It only took New York-based alternative/experimental rockers Sonic Youth 30 years to realize that when you’re patient, things turn out exponentially better.

Since 1981, guitarist Thurston Moore, bassist/guitarist Kim Gordon, guitarist Lee Ranaldo, bassist Mark Ibold and drummer Steve Shelley have been hammering out albums at the nearly unshakeable pace of every year and a half; in the process, they helped define the No Wave and ensuing noise, indie and alternative rock sub-genres with their avant-garde approach to combining the basic band structure with, well, whatever the hell they wanted.

It’s worked, making them last longer than most musical trends. Recent studio effort The Eternal (Matador Records) is their 16th overall.

Instantly heralded as their strongest work in years, The Eternal knows no limits of praise, a wondrous feat given that their entire catalogue is already considered a high watermark.

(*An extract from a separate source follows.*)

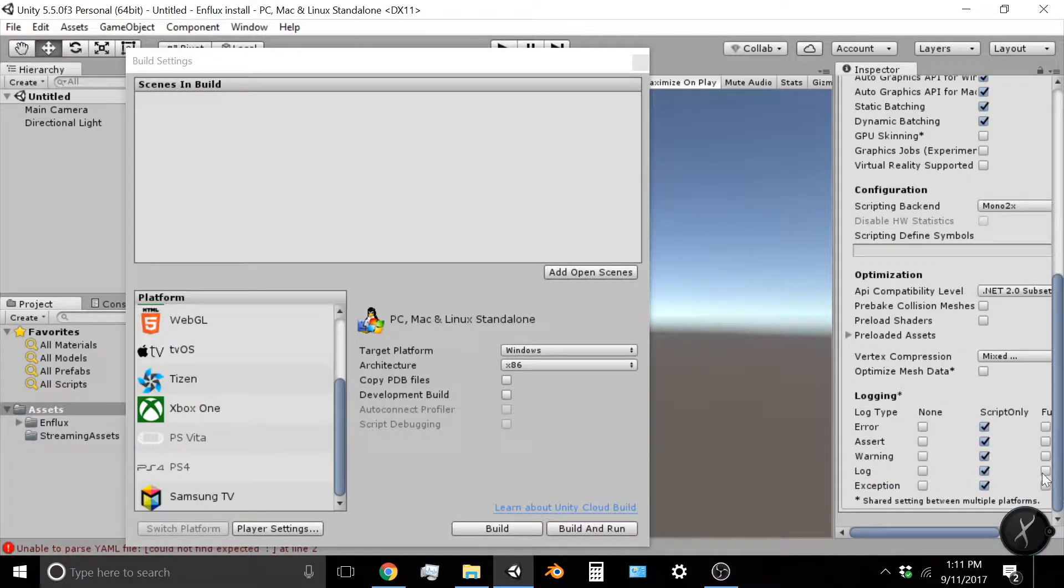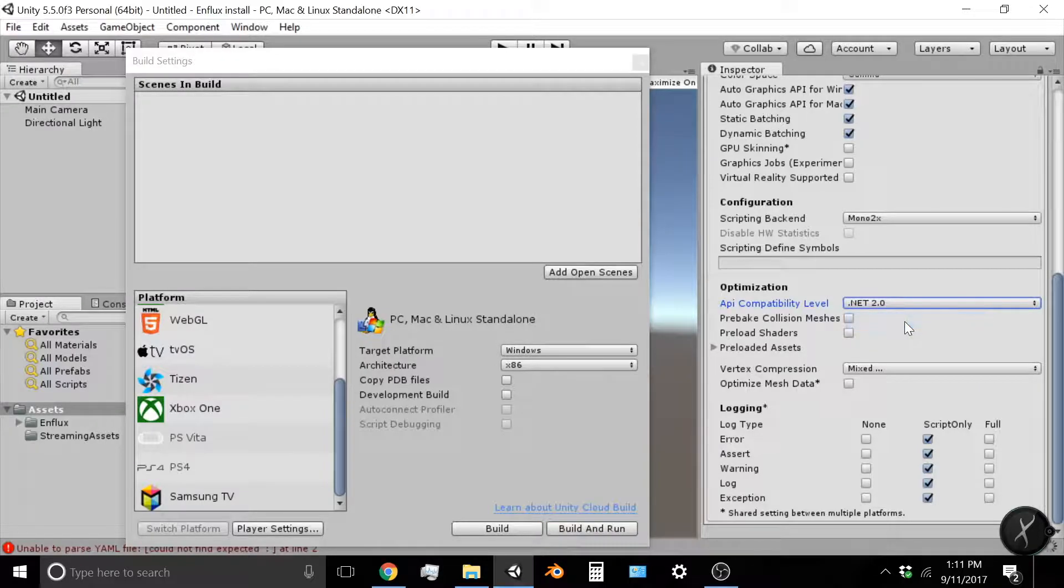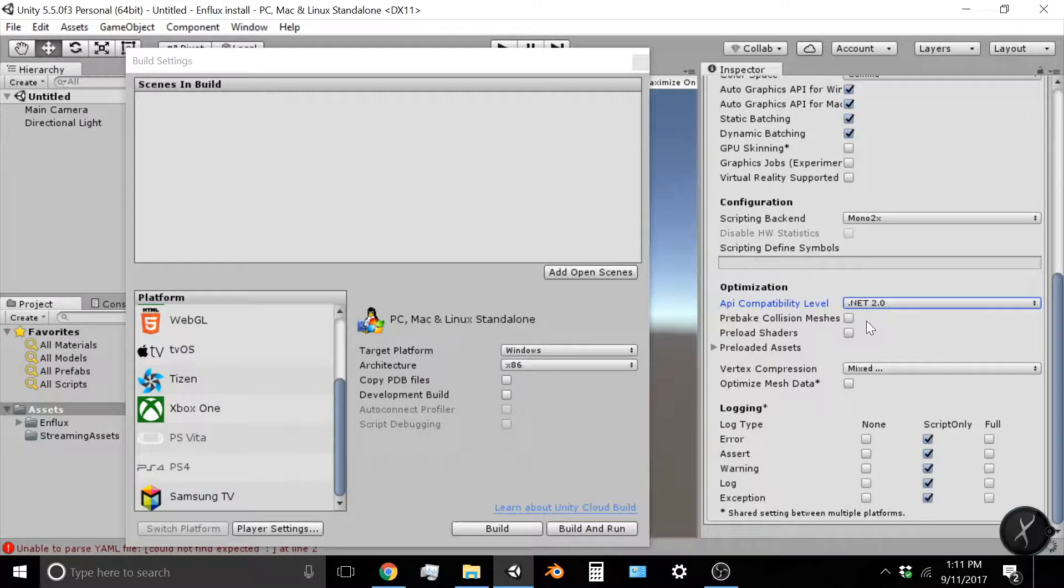You're going to find the API Compatibility level, which you need to set at .NET 2.0. Change it from the subset to just .NET 2.0.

That is, almost every one of their releases is considered essential from the likes of legendary acts such as Nirvana all the way down to your neighbourhood jam band.

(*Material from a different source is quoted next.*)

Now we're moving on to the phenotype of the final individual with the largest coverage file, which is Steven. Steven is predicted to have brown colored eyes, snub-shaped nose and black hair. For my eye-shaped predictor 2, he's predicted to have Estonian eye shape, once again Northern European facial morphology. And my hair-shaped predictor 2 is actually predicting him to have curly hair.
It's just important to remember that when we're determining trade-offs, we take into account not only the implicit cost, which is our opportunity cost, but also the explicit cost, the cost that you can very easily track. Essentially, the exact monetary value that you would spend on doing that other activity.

So what is it about this 12-track effort that shines so bright? The Eternal was three years — aeons by Sonic Youth standards — in the making. The band took its time.

“We’ve been on this reliable track (putting out albums every year-and-a-half) but since we took time off for other endeavours, it took us longer to get to this,” admits Ranaldo. “All of that time was good for us to simmer. This is such a strong record, whatever time it took to make it was worth it.”

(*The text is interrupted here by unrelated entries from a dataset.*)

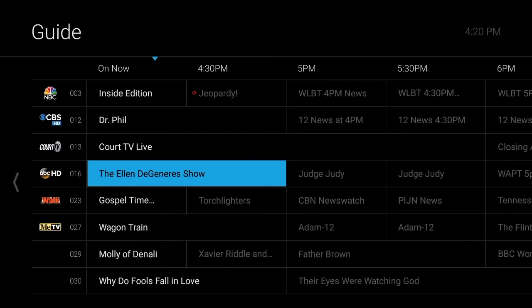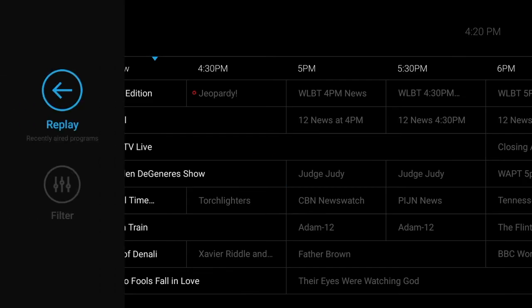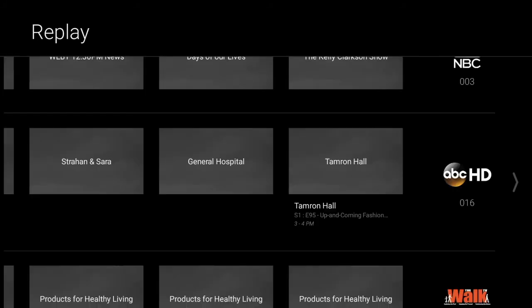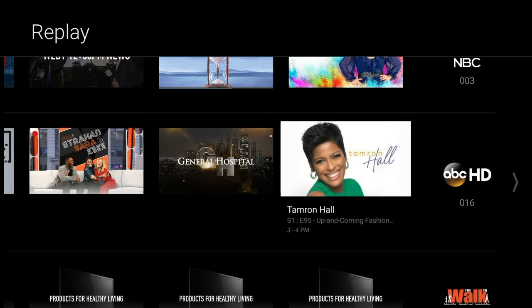With the Replay TV feature, you can watch shows and movies up to 72 hours after they've aired. To replay a program, simply go to that program's channel in the guide. Scroll left, then choose Replay to see a list of previously aired episodes available for watching.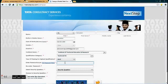Then type out the password. The password criteria is: there should be a capital character, a small character, a numeric digit, and a special character, and it should be a minimum of 8 characters. Retype the password again.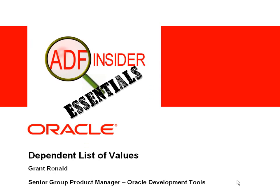Welcome to the ADF Insider Essentials series, which demonstrates common skills, tips, and techniques that you'll require for building ADF applications.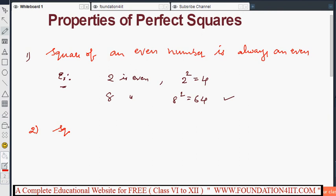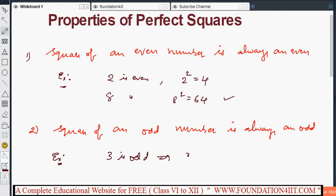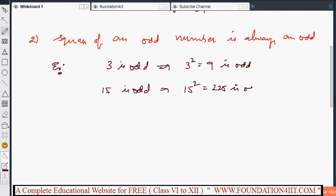Next: the square of an odd number is always an odd number. Similarly, you can take some examples for odd numbers. Three is an odd number and three squared is nine, which is also odd. 15 is an odd number and 15 squared, that is 15 times 15, equals 225, which is also an odd number.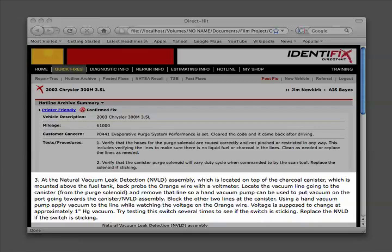Voltage is supposed to change at approximately one inch of vacuum. Try testing the switch several times to see if the switch is sticking. Replace the NVLD if the switch is sticking.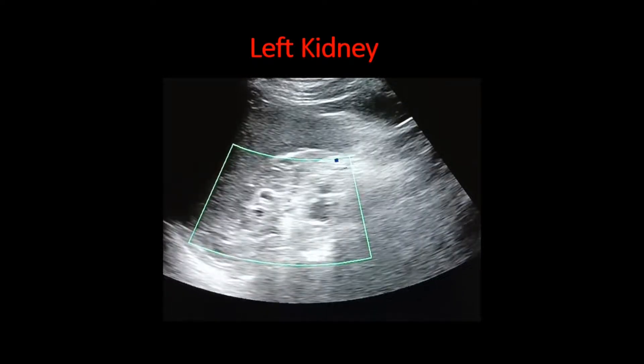This is the color flow image of the left kidney. We can see that the color flow signal is almost negligible, meaning the left kidney is not getting adequate blood supply. The left renal artery also did not show any color flow signal within it.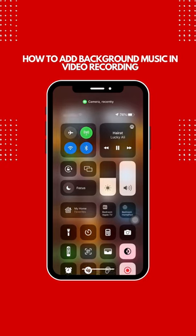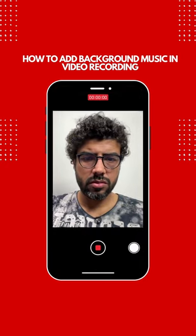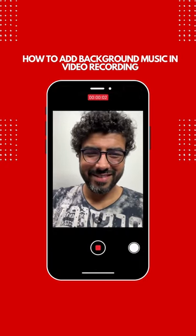First, you have to open the camera app. When you play music in the background and go to the camera app, then go to photos and back to the camera app, there will be sound playing in the background. If you want to make a video, you can follow me.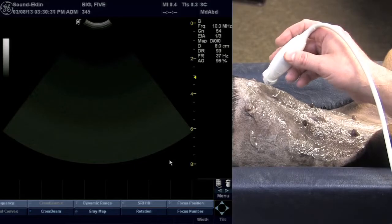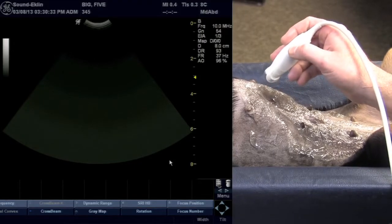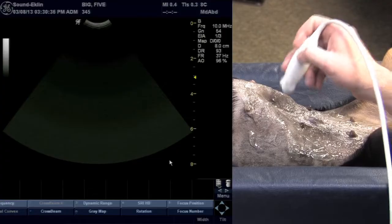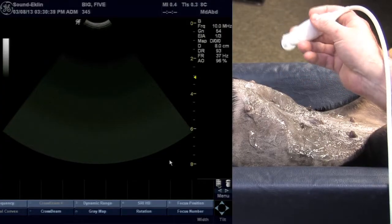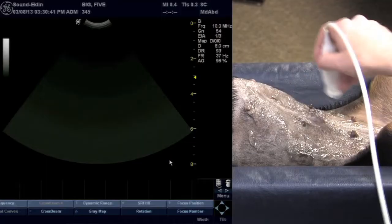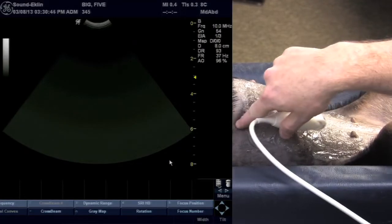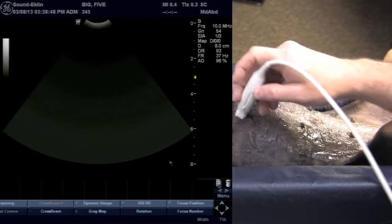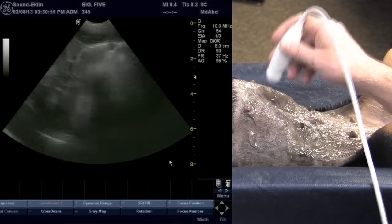We're going to begin our tour of the big five starting with the liver, then moving on to the spleen, kidneys, and urinary bladder. We've got the patient positioned in dorsal recumbency. The abdomen's been shaved — you can see where we've shaved at least three intercostal spaces to give us access to the liver if we needed to from an intercostal approach.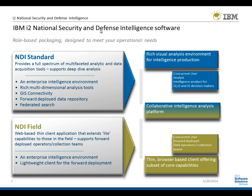With respect to packaging, IBM i2 also recognizes that there are a number of different roles which meet slightly different sets of needs. NDI standard is a rich multi-dimensional analysis environment designed primarily for the analysts for intelligence production tasks, whereas NDI field delivers a subset of core capabilities to a wider community, such as forward-deployed collection teams, providing lighter capabilities for data entry and discovery.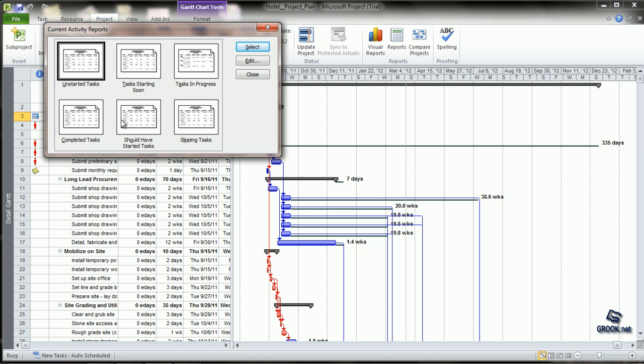For this report, a project baseline is mandatory. Slipping Tasks display task information regarding tasks which have been rescheduled from their baseline start date.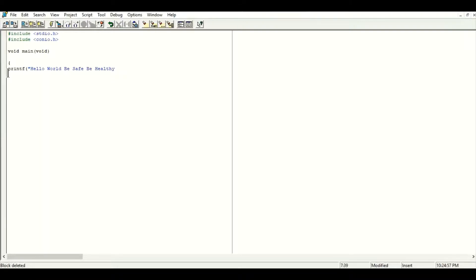After that I am going to close the inverted comma, then close the small bracket, and use the semicolon — the end-of-statement mark in C language. Then press Enter and use a function called getch. That function is used to stop the output so we can see it on the screen. Note that getche displays the character pressed from the keyboard, while getch does not. So I am going to use getch — it will get a single character and then return to the source code.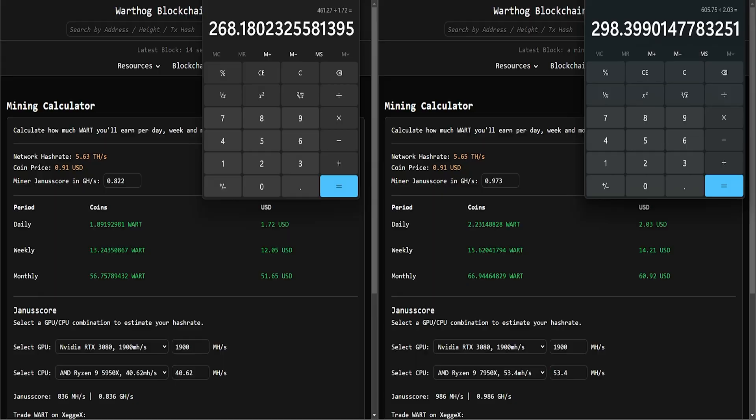Next up, let's talk about the payback period - how long will it take you to mine as much Warthog in dollar value for what you've paid for these rigs. When we jump on over here onto the calculator, Wartscan.io, on the left we've got the 5950X, on the right we've got the 7950X.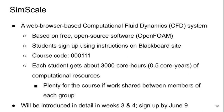In lab 1 you shouldn't need a significant amount of resources. Labs 2 and 3 will need more significant amounts, but you should still have plenty. I'm going to introduce SimScale in more detail in weeks 3 and 4, and you have to sign up by June 9th.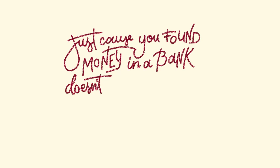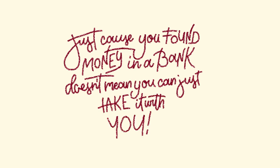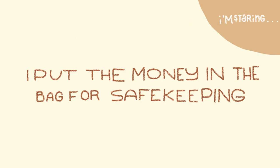It's a bank. This is a victimless crime. I keep staring at taco. Just because you found money in a bank doesn't mean that you could just take it with you. I put the money in the bag for safekeeping.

Otherwise occupied with ventures such as touring in nostalgic support of their revered 1988 effort Daydream Nation and creating a travelling museum exhibition based on their deep history, Ranaldo admits that actually getting to The Eternal seemed a bit of a chore for Sonic Youth.

However, after hunkering down, they quickly realized that the lengthy time working at it allowed the music to sink in, thereby making its recording smoother and more natural.

“We were supposed to start recording this one at the beginning of last year in February or March but it didn’t happen until September,” he notes. “We’d put it off for a month and another month. Before we knew it, eight of them had passed.”

“Once we got into our studio though, the songs just flowed so easily, we recorded them live,” he continues, pondering how patience has affected Sonic Youth.

“What you hear on the album is how the song was recorded at that moment, no overdoing. It’s the first or second take because we’d become so familiar and comfortable with the songs. Ultimately though, what it really means is that the songs are indicative of a band who’s finally comfortable with themselves.”